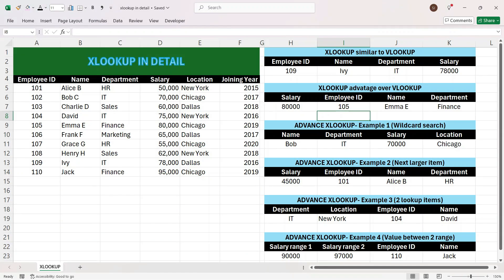Hi everyone, this is Sumit here and welcome to my channel Excel with Sumit. In this video I'm going to explain XLOOKUP in detail — what are the benefits of using XLOOKUP over VLOOKUP, and also how you can replace INDEX+MATCH with XLOOKUP.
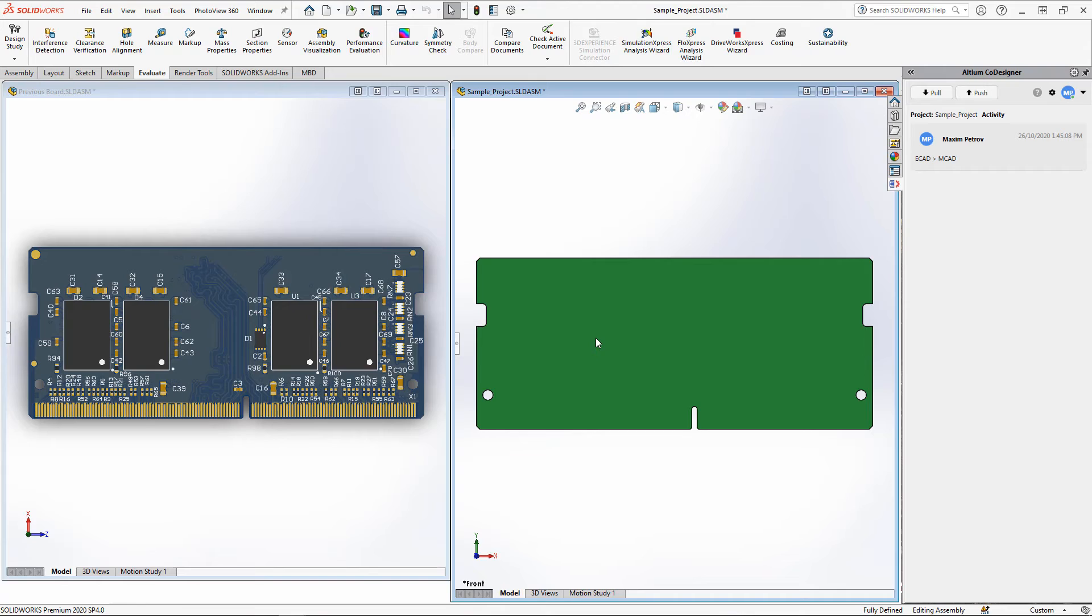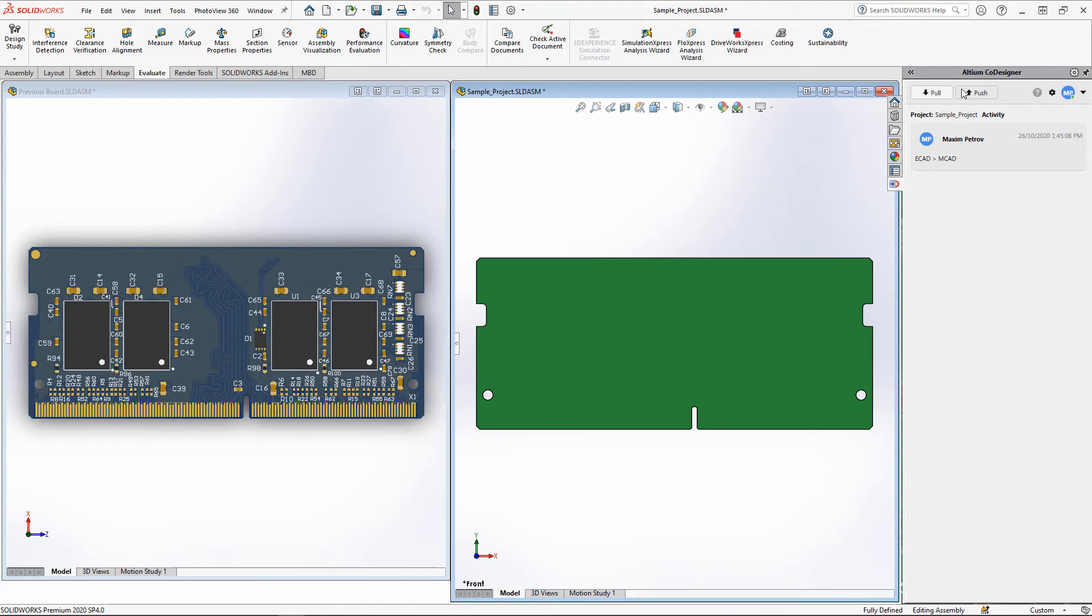You can also add this PCB as an assembly to the device assembly to make additional geometry adjustments. Once the PCB shape is ready, transfer it to Altium Designer by using the push function in the Altium Co-Designer panel.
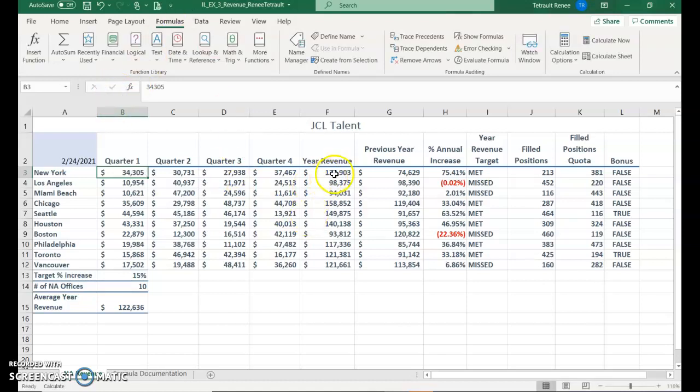And notice it didn't change. Even though we changed the value in quarter one, it didn't change the amount in the total year revenue.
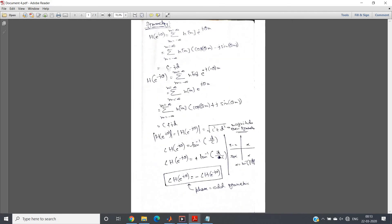So H(e^jθ) = C − jD and H(e^(−jθ)) = C + jD. Computing the magnitudes: |C − jD| = |C + jD| = √(C² + D²). Since both give the same magnitude, the conclusion is that the magnitude response has even symmetry.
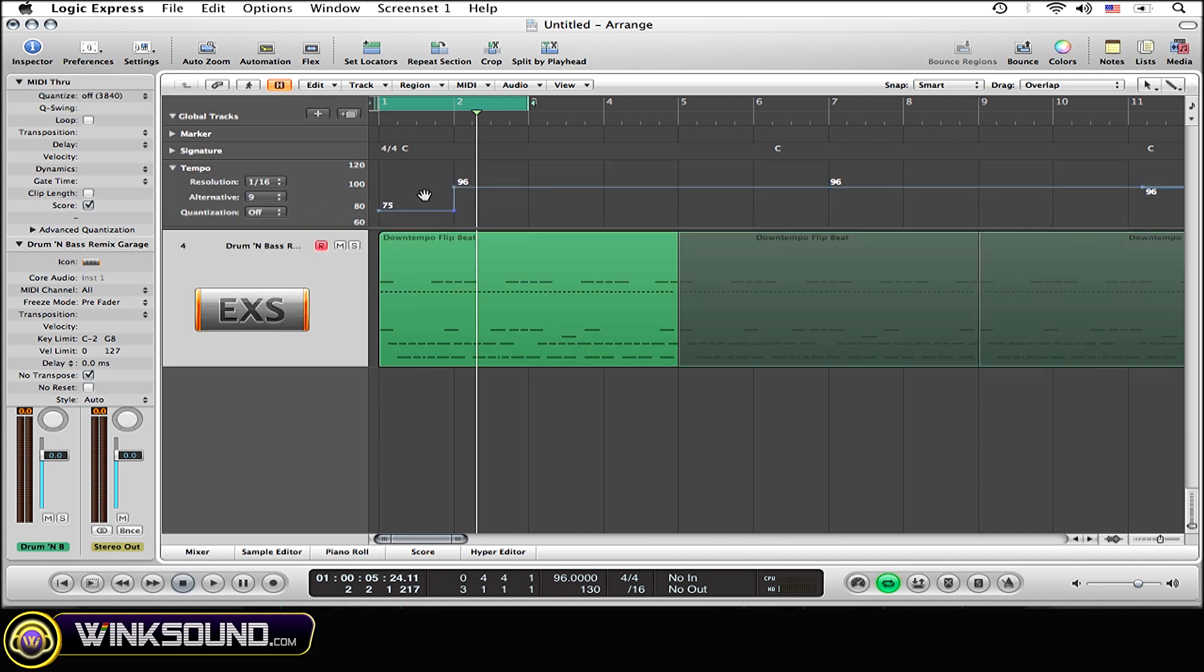Now right here I have created a tempo change, but since I have not created a tempo curve, it sounds very abrupt and I want to change that. I want it to sound soothing, a bit more smooth. I'm going to be doing that using a tempo curve.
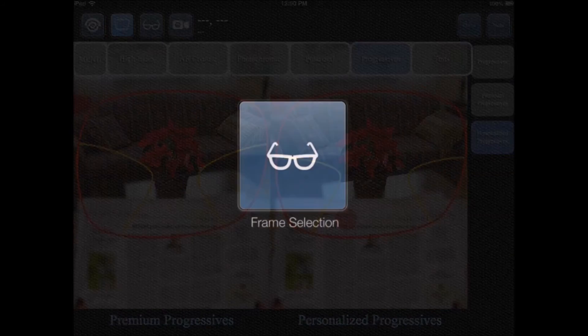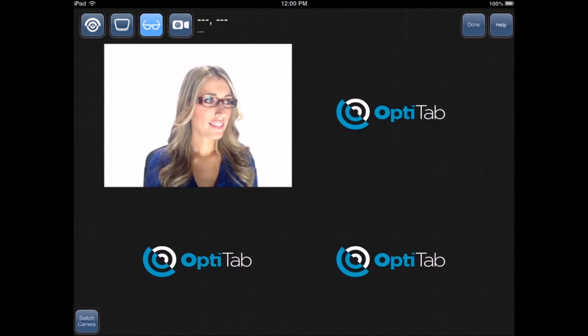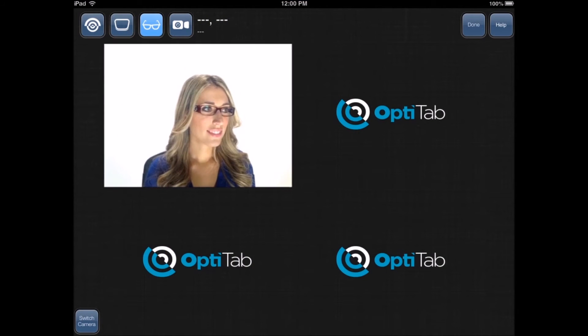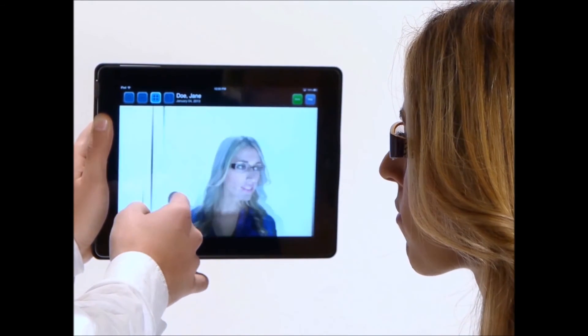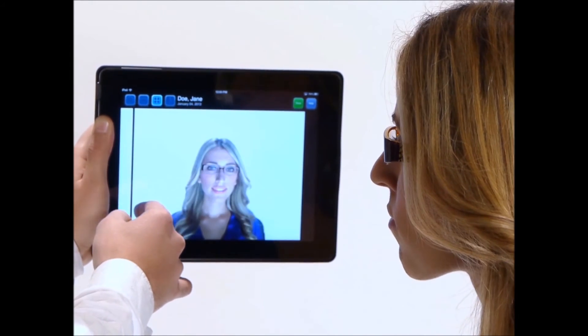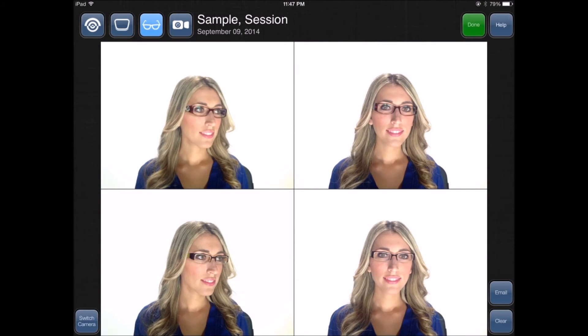The frame selection module enables customers to see how they look in different eyewear. The side-by-side image comparison exposes the customer to frames of different styles, resulting in an increase in multiple-frame sales. You can email customers their pictures by touching the email button located at the bottom-right-hand side of the screen.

*The problem*. Return the listing verbatim, pictures omitted.

*Reply*.
Hi everyone, this is Sumit here and welcome to my channel Excel with Sumit. In this video I'm going to explain XLOOKUP in detail — what are the benefits of using XLOOKUP over VLOOKUP, and also how you can replace INDEX+MATCH with XLOOKUP.
You can also add this PCB as an assembly to the device assembly to make additional geometry adjustments. Once the PCB shape is ready, transfer it to Altium Designer by using the push function in the Altium Co-Designer panel.
And notice it didn't change. Even though we changed the value in quarter one, it didn't change the amount in the total year revenue.
So H(e^jθ) = C − jD and H(e^(−jθ)) = C + jD. Computing the magnitudes: |C − jD| = |C + jD| = √(C² + D²). Since both give the same magnitude, the conclusion is that the magnitude response has even symmetry.
Now right here I have created a tempo change, but since I have not created a tempo curve, it sounds very abrupt and I want to change that. I want it to sound soothing, a bit more smooth. I'm going to be doing that using a tempo curve.
The frame selection module enables customers to see how they look in different eyewear. The side-by-side image comparison exposes the customer to frames of different styles, resulting in an increase in multiple-frame sales. You can email customers their pictures by touching the email button located at the bottom-right-hand side of the screen.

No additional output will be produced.